Las redes antisociales
Todo lo que hizo falta fueron tres clics. Cerré la puerta en Twitter y borré mi cuenta. Me alegra reconocer que finalmente he aprendido la lección


Las últimas semanas han sido las más tranquilas, relajadas y sin estrés desde que tengo memoria. No se ha debido a la medicación, la meditación o incluso a los chocolates calientes Valor diarios (mi descubrimiento milagroso más reciente). Todo lo que hizo falta fueron tres clics con mi ratón: cerré la puerta en Twitter y borré mi cuenta permanentemente.
Siempre sentí que el gigante de las redes sociales era un mal necesario. Como los dentistas, los supositorios o las resacas. Pero no. Son, simplemente, un mal. Un pozo negro plagado de lo que los ingleses llaman pedos cerebrales y los españoles pajas mentales, sin filtros ni censuras. Nos muestra lo peor de la humanidad y también lo saca a flote. Yo también caí bajo su hechizo, tuiteando cosas terribles que nunca hubiera dicho si no fuera por la perezosa inmediatez que va desde la corteza frontal hacia el dedo y después directamente al teclado.
Ha habido buenos momentos, es cierto. He conocido gente maravillosa y me he reído mucho. He sido testigo de un talento extraordinario y me han emocionado las historias de heroísmo y abnegación. Pero el simple hecho de desplazarse por Twitter es una experiencia agotadora, deshumanizante y deprimente: las peleas, la fatalidad y la tristeza, la ira y el odio, la política y la tensión general. Las amenazas de muerte, los constantes estribillos de “vete a tu país de mierda”, “judío maricón”, diputados de Vox llamándome “nene tarado” por haber sido violado o comparándome con un violador. La gota que colmó el vaso fue cuando comencé a recibir cientos de tuits con imágenes de profesores de gimnasia y comentarios como: “¿No echas de menos chuparle la polla?”. (Fui violado por mi profesor de educación física cuando era niño). También fotos mías junto a víctimas de tortura: “Rhodes, antes y después de clase de gimnasia”.
Gran parte de esto ha sido culpa mía por atreverme a hablar de política. Pero, vale, llamadme idiota, pero es difícil quedarse callado cuando se ve a un miembro del Congreso exigiendo públicamente con furia que todos los niños inmigrantes sean deportados (¡menas fuera!) o pidiendo la eliminación total del islam en Europa.

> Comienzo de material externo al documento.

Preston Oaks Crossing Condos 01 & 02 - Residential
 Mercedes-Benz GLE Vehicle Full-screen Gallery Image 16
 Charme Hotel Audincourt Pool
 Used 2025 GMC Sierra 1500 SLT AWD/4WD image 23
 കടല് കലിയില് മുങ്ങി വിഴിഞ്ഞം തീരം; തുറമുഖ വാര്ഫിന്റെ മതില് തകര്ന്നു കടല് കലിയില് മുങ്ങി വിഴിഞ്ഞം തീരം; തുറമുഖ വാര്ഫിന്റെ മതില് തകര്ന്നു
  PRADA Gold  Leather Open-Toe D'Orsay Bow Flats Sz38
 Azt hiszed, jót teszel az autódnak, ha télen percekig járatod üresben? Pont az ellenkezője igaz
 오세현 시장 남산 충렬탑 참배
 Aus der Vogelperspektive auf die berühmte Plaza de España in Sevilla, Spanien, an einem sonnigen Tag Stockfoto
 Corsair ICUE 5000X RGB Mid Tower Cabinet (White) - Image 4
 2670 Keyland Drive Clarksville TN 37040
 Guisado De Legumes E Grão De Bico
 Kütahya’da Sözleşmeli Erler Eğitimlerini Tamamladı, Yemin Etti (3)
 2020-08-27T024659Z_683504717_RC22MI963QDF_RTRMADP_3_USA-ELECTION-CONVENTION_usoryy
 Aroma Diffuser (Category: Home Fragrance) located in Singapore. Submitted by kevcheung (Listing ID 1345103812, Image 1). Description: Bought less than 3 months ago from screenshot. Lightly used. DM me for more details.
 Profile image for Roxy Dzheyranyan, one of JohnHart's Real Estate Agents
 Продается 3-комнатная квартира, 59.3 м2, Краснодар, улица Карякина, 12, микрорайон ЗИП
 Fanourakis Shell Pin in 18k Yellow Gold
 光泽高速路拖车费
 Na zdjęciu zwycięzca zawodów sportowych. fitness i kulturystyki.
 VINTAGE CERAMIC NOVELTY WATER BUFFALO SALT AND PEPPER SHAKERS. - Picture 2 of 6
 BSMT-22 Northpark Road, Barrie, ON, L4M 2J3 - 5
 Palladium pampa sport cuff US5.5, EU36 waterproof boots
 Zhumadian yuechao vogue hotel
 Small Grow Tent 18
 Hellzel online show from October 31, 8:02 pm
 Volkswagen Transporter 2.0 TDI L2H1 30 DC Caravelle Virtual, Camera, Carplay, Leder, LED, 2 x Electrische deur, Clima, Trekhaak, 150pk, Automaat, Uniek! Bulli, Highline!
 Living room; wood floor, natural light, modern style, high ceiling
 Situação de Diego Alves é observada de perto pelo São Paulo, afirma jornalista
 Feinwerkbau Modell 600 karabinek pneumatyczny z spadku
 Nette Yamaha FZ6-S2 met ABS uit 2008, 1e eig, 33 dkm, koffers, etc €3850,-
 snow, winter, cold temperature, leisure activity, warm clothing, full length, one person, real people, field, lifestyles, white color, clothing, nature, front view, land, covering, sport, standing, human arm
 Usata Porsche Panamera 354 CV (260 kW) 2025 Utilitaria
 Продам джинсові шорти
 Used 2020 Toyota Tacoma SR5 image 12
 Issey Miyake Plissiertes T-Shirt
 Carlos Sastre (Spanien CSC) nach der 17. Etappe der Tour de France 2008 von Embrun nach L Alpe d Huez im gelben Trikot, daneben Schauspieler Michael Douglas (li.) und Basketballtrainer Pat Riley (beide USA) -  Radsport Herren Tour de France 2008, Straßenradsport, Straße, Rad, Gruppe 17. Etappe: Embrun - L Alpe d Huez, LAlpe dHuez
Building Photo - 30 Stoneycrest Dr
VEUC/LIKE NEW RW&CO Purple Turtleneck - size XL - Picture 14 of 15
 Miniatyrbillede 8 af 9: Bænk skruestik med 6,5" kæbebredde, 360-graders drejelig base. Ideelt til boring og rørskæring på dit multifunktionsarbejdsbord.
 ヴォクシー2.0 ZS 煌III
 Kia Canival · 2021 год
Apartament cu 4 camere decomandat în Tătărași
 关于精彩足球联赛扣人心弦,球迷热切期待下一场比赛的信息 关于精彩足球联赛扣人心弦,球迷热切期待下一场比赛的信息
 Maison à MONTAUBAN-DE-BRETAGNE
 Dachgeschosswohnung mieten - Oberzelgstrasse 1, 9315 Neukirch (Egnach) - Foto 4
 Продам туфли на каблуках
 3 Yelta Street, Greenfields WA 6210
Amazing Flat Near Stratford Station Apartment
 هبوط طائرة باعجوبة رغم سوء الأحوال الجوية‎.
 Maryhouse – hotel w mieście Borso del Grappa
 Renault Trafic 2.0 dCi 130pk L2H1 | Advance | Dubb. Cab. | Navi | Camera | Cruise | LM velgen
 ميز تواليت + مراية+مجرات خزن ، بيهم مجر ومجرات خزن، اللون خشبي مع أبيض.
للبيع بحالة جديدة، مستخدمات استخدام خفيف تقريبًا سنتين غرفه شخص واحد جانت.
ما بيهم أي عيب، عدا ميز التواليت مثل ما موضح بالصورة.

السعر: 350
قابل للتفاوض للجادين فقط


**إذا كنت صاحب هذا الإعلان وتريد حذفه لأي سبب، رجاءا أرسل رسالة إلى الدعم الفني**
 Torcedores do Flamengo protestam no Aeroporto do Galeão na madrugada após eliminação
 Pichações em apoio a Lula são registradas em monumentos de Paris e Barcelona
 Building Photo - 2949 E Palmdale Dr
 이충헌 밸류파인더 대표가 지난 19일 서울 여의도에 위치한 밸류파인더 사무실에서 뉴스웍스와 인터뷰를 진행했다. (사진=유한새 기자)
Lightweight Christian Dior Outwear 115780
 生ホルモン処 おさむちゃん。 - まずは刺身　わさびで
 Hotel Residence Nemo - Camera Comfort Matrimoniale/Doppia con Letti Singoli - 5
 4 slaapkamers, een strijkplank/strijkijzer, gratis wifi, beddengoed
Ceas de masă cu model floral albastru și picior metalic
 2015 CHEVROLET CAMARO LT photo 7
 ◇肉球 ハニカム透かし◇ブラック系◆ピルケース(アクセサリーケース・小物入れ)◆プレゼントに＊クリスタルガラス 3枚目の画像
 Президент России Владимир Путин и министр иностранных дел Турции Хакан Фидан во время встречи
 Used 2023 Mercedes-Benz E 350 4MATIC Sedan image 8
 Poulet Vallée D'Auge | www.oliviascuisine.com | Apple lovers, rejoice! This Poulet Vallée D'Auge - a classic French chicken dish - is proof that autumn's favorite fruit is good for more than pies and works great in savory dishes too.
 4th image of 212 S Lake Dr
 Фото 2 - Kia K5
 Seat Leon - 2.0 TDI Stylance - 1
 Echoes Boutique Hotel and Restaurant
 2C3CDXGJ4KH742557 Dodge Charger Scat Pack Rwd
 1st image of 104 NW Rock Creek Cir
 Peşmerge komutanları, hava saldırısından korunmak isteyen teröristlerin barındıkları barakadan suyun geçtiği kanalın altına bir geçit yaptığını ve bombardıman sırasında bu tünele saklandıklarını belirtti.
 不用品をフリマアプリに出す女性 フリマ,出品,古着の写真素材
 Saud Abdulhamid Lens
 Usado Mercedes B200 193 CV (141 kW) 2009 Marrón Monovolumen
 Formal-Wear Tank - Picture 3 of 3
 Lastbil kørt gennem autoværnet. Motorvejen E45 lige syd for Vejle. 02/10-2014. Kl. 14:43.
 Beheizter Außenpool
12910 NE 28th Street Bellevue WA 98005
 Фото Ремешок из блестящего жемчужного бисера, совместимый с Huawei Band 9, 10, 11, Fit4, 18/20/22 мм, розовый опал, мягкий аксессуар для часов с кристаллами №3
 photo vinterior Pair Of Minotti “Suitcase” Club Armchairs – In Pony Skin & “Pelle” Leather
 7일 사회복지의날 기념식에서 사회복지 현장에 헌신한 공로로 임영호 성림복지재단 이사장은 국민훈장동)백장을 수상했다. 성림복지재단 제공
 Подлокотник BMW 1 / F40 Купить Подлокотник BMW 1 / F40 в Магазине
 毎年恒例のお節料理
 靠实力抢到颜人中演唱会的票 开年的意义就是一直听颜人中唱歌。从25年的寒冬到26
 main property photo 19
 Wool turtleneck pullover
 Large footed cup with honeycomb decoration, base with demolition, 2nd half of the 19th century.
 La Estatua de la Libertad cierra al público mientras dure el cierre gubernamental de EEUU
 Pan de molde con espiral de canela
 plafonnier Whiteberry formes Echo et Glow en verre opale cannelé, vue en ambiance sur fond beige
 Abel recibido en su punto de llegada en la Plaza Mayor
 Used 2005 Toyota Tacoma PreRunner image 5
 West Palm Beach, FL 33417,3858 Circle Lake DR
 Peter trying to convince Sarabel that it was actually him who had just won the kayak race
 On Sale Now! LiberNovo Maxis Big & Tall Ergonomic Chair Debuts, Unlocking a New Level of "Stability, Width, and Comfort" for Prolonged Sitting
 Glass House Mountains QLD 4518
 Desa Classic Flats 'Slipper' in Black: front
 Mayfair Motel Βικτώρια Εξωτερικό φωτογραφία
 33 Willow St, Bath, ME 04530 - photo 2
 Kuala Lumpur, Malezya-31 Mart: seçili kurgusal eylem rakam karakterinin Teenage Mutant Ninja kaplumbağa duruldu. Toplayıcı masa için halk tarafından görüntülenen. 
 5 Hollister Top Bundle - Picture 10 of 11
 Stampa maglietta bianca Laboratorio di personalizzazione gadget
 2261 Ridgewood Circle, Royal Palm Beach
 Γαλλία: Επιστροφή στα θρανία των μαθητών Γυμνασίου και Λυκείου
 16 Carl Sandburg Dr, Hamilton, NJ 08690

Hace unos días mi novia tuvo un accidente de moto y la llevé a urgencias a un hospital privado. Ella, como residente, está obligada a tener un seguro médico para que el Estado no tenga que pagar sus gastos. Esperamos juntos durante cuatro horas, alguien tomó una foto sin mi permiso y la subió a Twitter. Dijeron que estaba allí para una consulta privada. Fui trending topic número uno en España con el ala de ultraderecha frotándose las manos sucias de alegría. Esto no solo resulta denunciable e invasivo. También incorrecto. Así es Twitter.
Por supuesto, la gente vomitará el argumento de la libertad de expresión. Y sí, la libertad de expresión es sacrosanta. Pero también debe venir acompañada de responsabilidad, algo que Twitter, un sitio inundado de pornografía infantil, incitación al odio, al racismo y la xenofobia, no ofrece. Intenta ir al trabajo mañana y decirle a tu jefe que quieres acostarte con su hija y ver cuánto tiempo conservas tu puesto, mientras lloriqueas por el derecho que te ha dado Dios a la libertad de expresión.
La mayoría de los que leen este periódico son, a diferencia de mí, demasiado sensatos como para que les atraigan las redes. Las personas que difunden el odio en línea leen principalmente panfletos llenos de mentiras y burlas, pero me alegra reconocer que finalmente he aprendido la lección.
Y, a decir verdad, mi vida es inconmensurablemente mejor por eso.